The park supports over 690 plant species, and visitors will be charmed by the occurrence of iconic and beautiful tree species, such as the buffalo thorn, red thorn acacias, whistling thorn acacias, the fan palm, the sausage tree, and the drumstick tree.
History of Kidepo Valley
The area was gazetted in 1958 as a game reserve, primarily to prevent hunting and poaching and to protect this natural area from bush clearing in the name of tsetse fly control. It was converted into a national park in 1962. From the 1970s to the 2000s, it went through a turbulent period due to political tensions when resistance movements and armies crisscrossing the park. During this time, increased grazing and poaching occurred, which the under-resourced park staff could not curb. As a result, several species, such as wild dogs, rhinos and roan antelope, were locally extirpated. The park currently has plans to reintroduce some of these species.
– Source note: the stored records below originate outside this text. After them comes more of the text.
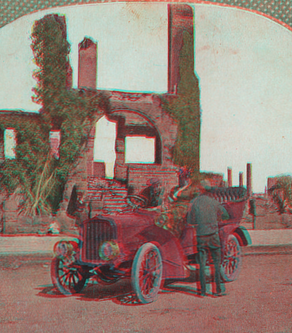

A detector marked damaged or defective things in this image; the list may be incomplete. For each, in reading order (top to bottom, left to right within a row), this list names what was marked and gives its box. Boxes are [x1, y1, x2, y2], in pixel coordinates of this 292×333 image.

burned chimney [78, 37, 97, 89]
fire-damaged building [0, 3, 206, 232]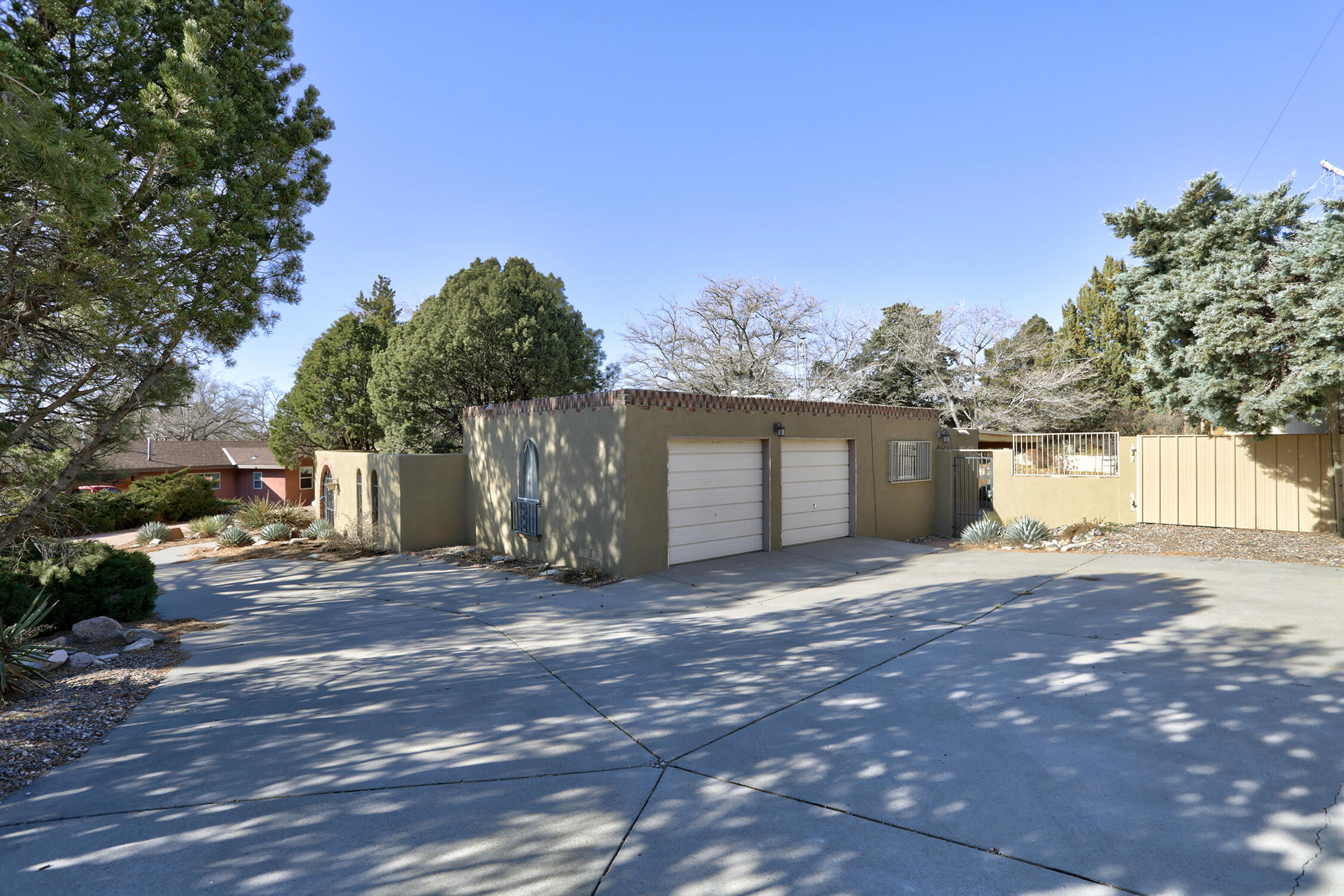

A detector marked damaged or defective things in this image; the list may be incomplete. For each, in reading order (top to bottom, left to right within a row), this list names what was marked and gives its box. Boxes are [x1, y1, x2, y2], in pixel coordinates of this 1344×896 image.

crack in concrete [1285, 779, 1339, 892]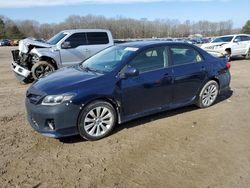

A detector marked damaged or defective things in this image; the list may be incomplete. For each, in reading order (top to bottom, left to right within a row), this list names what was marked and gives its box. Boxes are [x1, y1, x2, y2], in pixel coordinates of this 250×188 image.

damaged front bumper [10, 49, 32, 82]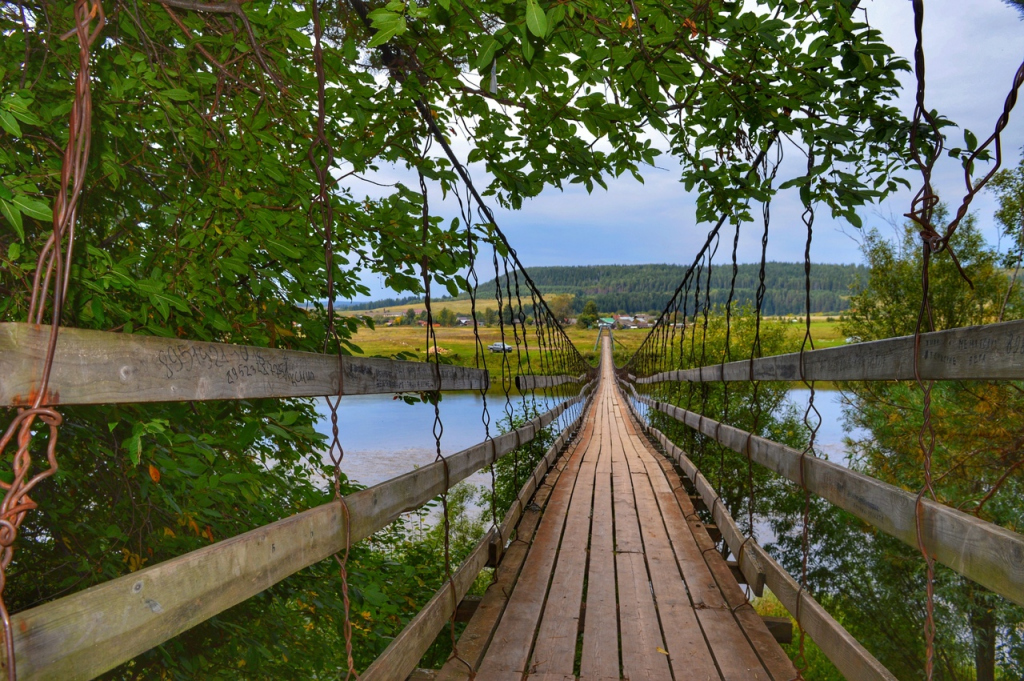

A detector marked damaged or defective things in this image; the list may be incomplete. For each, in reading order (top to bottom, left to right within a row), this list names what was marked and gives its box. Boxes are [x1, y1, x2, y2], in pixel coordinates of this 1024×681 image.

rusty wire [0, 2, 103, 676]
rusty wire [306, 0, 358, 668]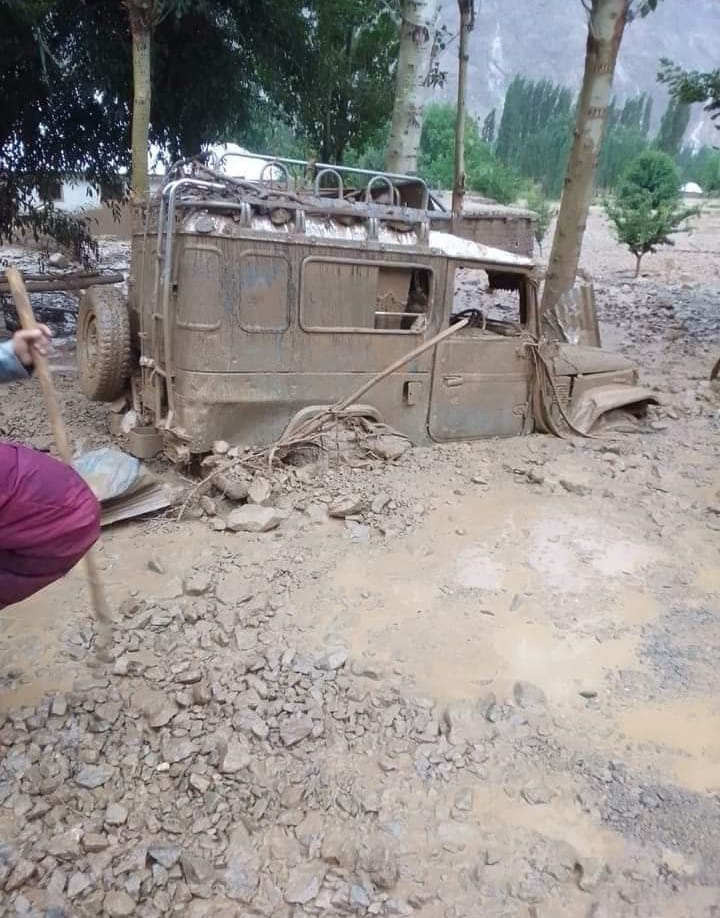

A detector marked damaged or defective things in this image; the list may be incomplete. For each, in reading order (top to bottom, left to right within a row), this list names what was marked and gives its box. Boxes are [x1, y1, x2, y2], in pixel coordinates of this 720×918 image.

broken window [300, 256, 430, 332]
broken window [452, 268, 524, 336]
damaged hood [552, 344, 636, 380]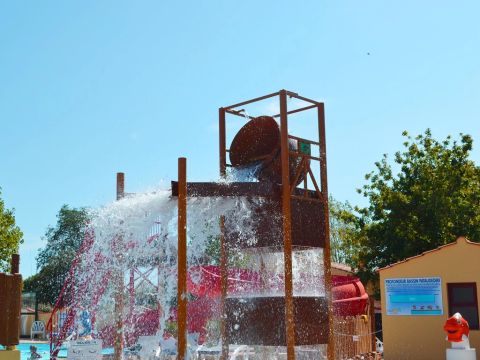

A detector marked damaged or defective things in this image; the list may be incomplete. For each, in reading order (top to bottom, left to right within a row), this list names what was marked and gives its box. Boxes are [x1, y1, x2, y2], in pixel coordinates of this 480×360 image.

rusty metal frame [219, 90, 336, 360]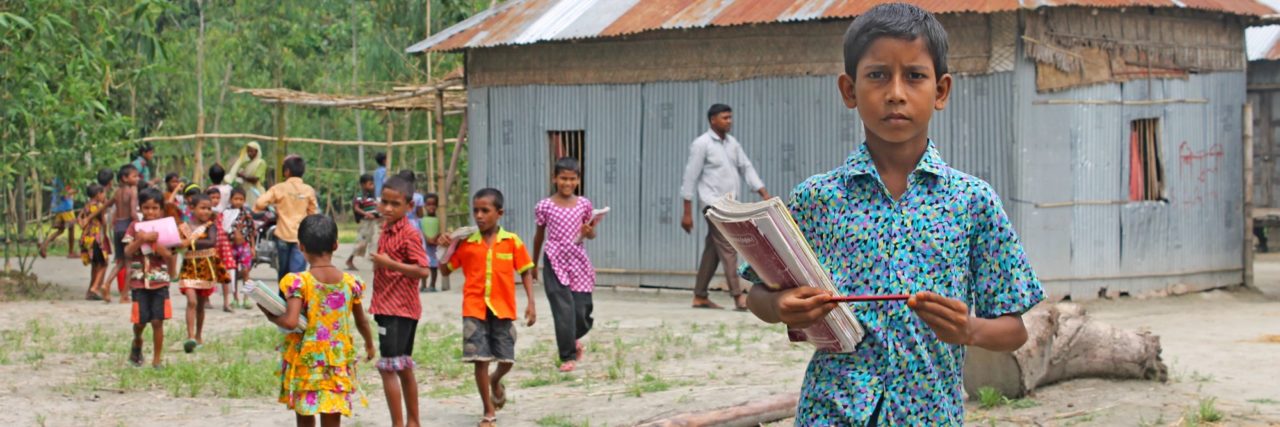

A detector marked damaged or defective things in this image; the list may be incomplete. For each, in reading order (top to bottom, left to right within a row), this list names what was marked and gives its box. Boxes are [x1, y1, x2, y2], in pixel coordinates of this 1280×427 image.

rusty metal sheet [407, 0, 1269, 53]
Since 2006, Kidepo has been safely accessible. The Uganda Wildlife Authority has delineated the park into four management zones, including a collaborative management zone, where community residents can harvest resources through collaborative management agreements.
When to visit Kidepo
The park has two seasons. The scorching dry season is from October to March when the rivers (except Narus) dry out, and the grasses are shorter (there is a brief rainy period between October and November). This is the best time to see wildlife, as the animals are attracted to the few remaining waterholes and are visible in the short grass. In the wet season, from April to September, rain falls (up to 890mm in the season alone), making the roads difficult to navigate. During this time, animals retreat into the thicker woodlands.
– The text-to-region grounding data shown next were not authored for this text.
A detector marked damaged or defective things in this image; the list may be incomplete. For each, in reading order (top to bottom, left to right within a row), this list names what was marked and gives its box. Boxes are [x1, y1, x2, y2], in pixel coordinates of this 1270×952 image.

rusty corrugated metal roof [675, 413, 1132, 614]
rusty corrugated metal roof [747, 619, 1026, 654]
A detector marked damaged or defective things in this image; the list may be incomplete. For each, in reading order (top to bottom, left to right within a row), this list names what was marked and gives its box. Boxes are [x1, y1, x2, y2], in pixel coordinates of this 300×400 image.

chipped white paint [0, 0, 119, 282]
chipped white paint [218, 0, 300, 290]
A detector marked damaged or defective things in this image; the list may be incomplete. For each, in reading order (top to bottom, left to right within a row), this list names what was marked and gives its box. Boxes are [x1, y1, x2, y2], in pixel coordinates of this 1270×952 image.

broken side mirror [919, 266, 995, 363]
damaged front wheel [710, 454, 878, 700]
Explore and stay in Kidepo
Visitors to Kidepo have numerous accommodation options. There are campsites in the park (with ablution facilities) where guests can set up their own tents, a rest camp featuring self-contained chalets and a camp featuring smaller bandas with external ablution facilities. There are also mid-range and luxury lodges available in the park. In terms of activities, guided walks and drives offer the opportunity to explore. Visitors who want to walk in the park should visit in the dry season, as paths become muddy and slippery in the rainy season.
The park has some exceptional viewing points, such as Mount Morungole, at a height of 2,750m. From here, it feels as if one can see into the deepest Africa. The Namamukweny Valley in the northwest of the park offers beautiful views and excellent birding, with white-crested turaco, Abyssinian roller, and green woodhoopoe often spotted here (although ironically, the name means “place with no birds”). There are also idyllic opportunities to view the park from a bird’s eye view from a hot air balloon.
The Kanagorok Hot Springs, located in Lotukei on the South Sudanese boundary of the park, are also worth a visit. Local tribes consider the springs a sacred place for healing.
Visitors can also get a taste of the local culture by visiting the villages of the Karamojong tribe. They can witness their dancing traditions, partake in regional cuisine, and hear about their customs and history through storytelling.
How to get there
Visitors might not want to take the tiresome 10-hour driving route from Kampala via Karuma, Gulu, and Kitgum, which includes both tarmac and gravel roads. In that case, charter flights from Entebbe International Airport or Kampala Aero Club can be taken to the Apoka airstrip. These flights only operate on certain days of the week and require a minimum number of passengers.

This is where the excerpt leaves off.